# Drop-in Filters for UWA



## Machaon (Jan 29, 2015)

I was recently looking at the drop-in filter solution used for the Canon super-telephotos, and it made me wonder why drop-ins aren't also used for the really bulbous ultra-wides that don't readily support front-fitting filters.

Is there a technical reason why drop-in filters aren't used for the bulbous ultra-wides?

Perhaps the optical stack of UWA lenses needs to be so close to the flange that it doesn't allow room for a drop-in filter?

Cheers.


----------



## neuroanatomist (Jan 29, 2015)

No room in the optical design. However, they generally have a slot for a gelatin filter at the back.


----------



## troppobash (Jan 29, 2015)

I live in Australia and I cannot find any info on gelatin filters
and what types or sizes are available. Can someone please 
provide info or a link? I have a Sigma 12 - 24mm EX I. 

Thanks


----------



## neuroanatomist (Jan 29, 2015)

troppobash said:


> I live in Australia and I cannot find any info on gelatin filters
> and what types or sizes are available. Can someone please
> provide info or a link? I have a Sigma 12 - 24mm EX I.
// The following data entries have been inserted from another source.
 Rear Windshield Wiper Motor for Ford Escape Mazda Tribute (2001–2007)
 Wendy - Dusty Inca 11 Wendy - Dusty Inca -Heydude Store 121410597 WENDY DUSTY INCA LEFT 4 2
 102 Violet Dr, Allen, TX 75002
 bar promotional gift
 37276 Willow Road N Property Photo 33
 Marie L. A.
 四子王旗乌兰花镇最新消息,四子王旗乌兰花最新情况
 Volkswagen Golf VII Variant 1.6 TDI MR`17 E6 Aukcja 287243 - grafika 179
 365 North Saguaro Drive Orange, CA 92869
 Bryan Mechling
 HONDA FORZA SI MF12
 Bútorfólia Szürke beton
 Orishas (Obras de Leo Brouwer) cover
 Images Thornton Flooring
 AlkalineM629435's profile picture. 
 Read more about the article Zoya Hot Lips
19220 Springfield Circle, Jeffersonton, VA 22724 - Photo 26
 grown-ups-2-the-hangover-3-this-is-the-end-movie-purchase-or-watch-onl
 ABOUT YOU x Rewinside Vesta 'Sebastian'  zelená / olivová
I'm not sure why you would need anything other than a neutral density filter for that application. Google 'neutral density wratten gelatin filter'. Kodak makes them in various densities, you would need to cut out a small square to fit.


----------



## Rahul (Jan 29, 2015)

The _bulbous _14mm II has a gelatin slot at the rear of the lens BUT the 17mm TSE doesn't.


----------



## neuroanatomist (Jan 29, 2015)

Rahul said:


> The _bulbous _14mm II has a gelatin slot at the rear of the lens BUT the 17mm TSE doesn't.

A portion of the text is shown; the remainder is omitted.